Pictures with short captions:
· · · · ·

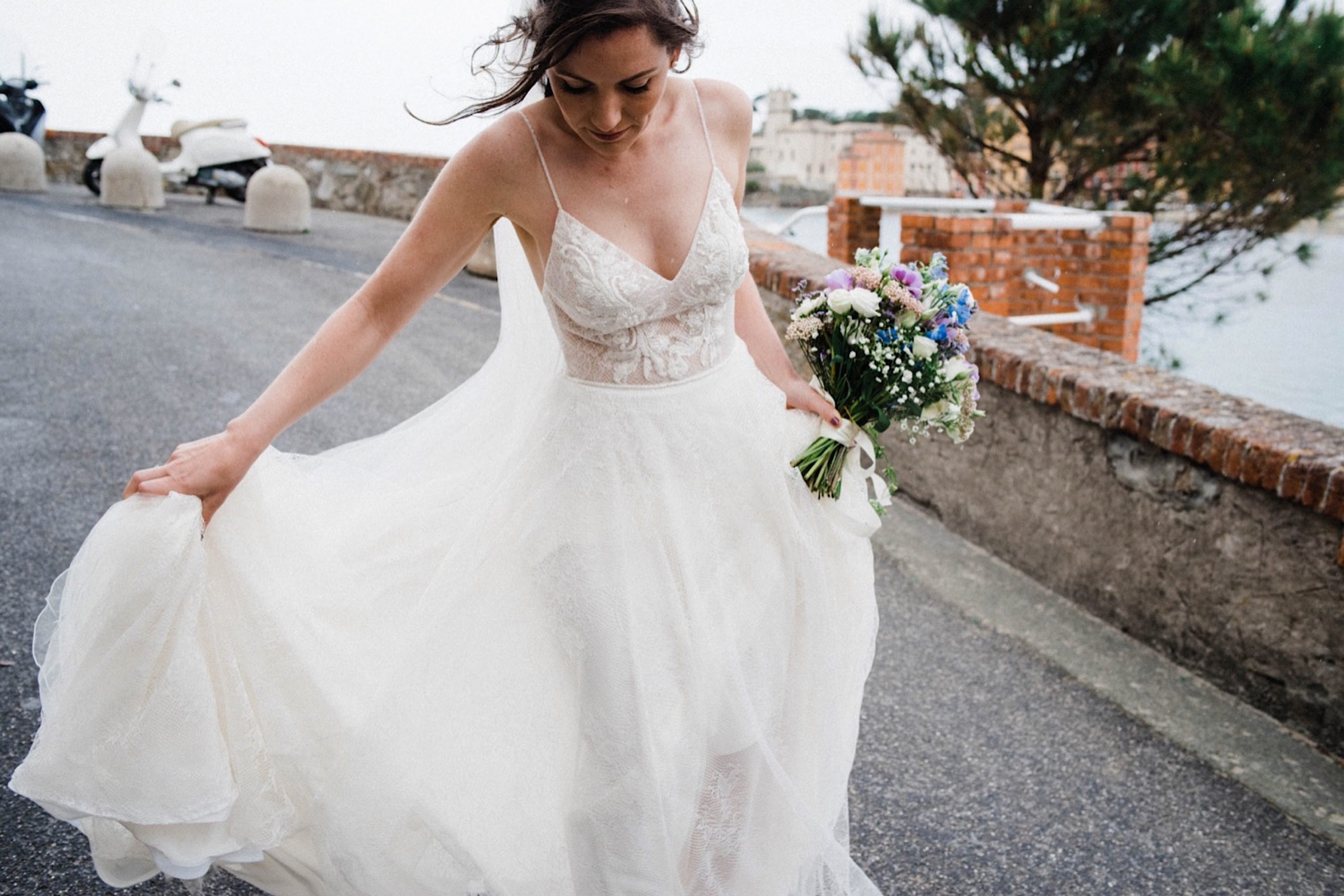 Natural Destination Wedding Photography of a bride adjusting her Flora Bridal Dress on the streets of Sestri Levante.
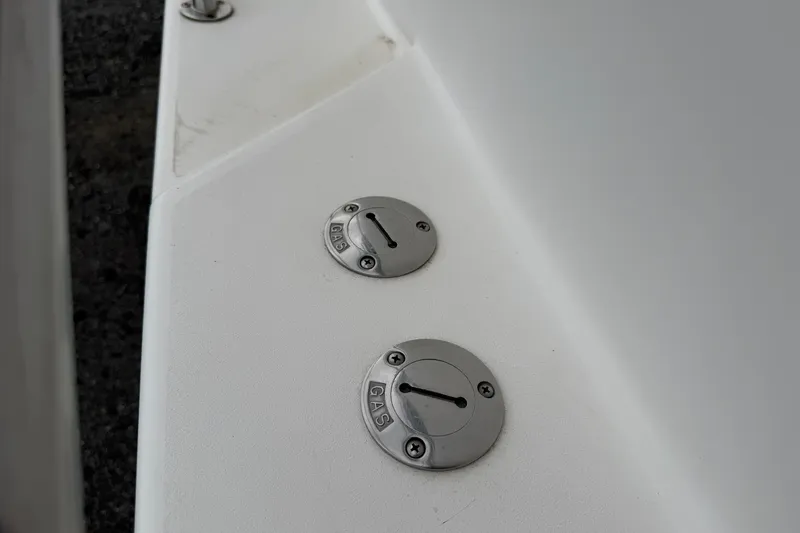 Slide: The Image of Fuel caps on a 2004 Pro Sports 2660 WA ProKat boat deck. - 27
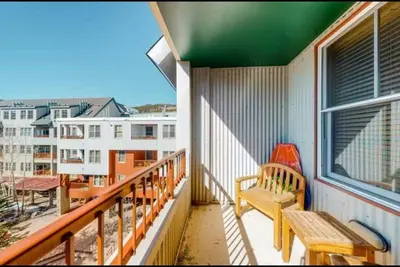 a balcony with a bench and a view of a city at River Run Village 1 Bedroom Condo in Keystone
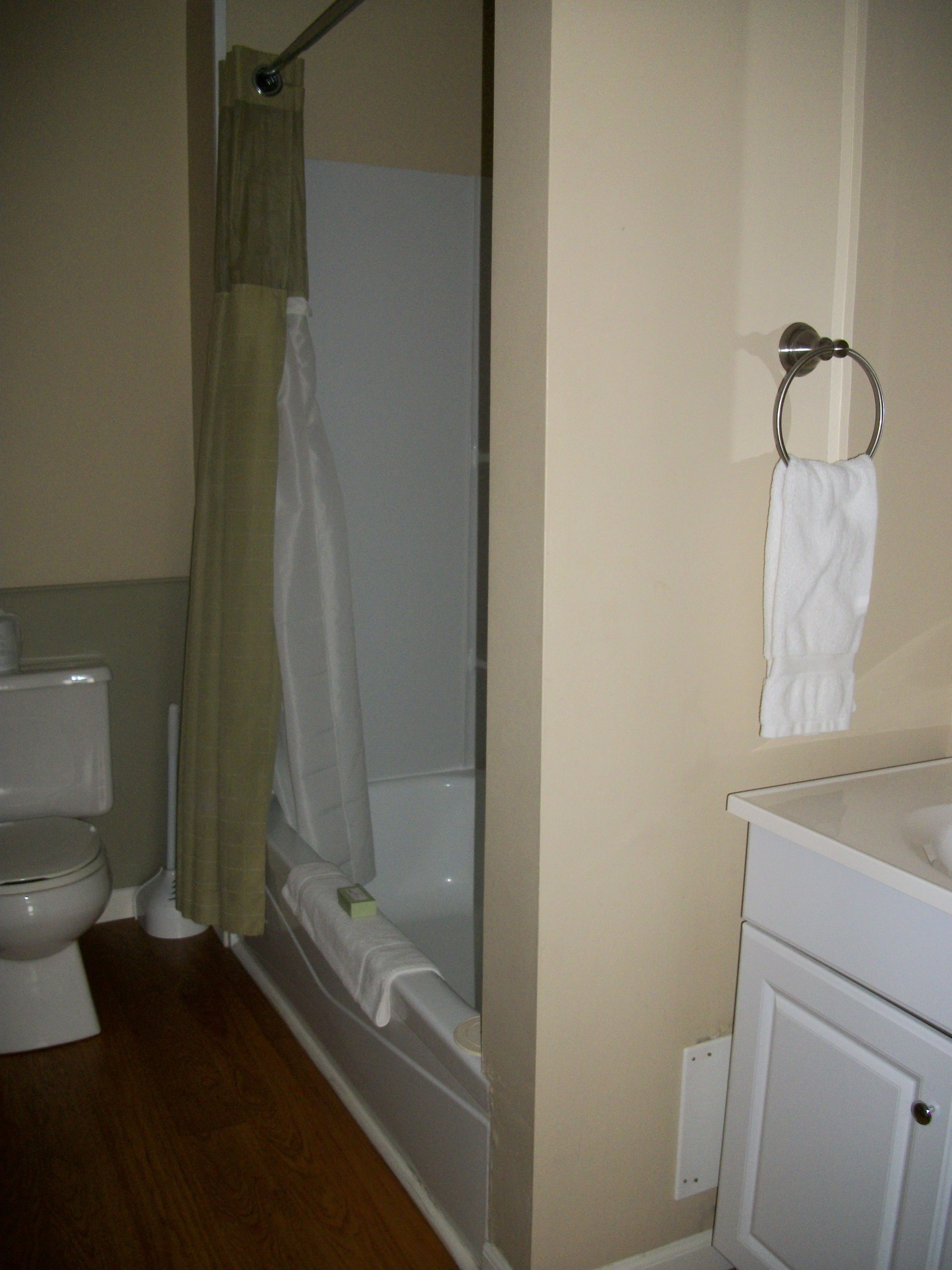 A bathroom with a toilet, a shower with a curtain, a sink, and a towel rack.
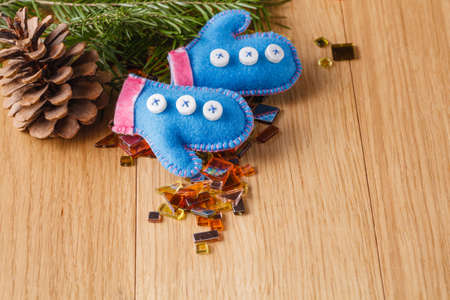christmas decoration on wood table. Pine and felted small doll clothesの写真素材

· · · · ·

How to complete this task | The pictures stay out; copy the rest of the data word for word.

Problem solution |
 Natural Destination Wedding Photography of a bride adjusting her Flora Bridal Dress on the streets of Sestri Levante.
 Slide: The Image of Fuel caps on a 2004 Pro Sports 2660 WA ProKat boat deck. - 27
 a balcony with a bench and a view of a city at River Run Village 1 Bedroom Condo in Keystone
 A bathroom with a toilet, a shower with a curtain, a sink, and a towel rack.
christmas decoration on wood table. Pine and felted small doll clothesの写真素材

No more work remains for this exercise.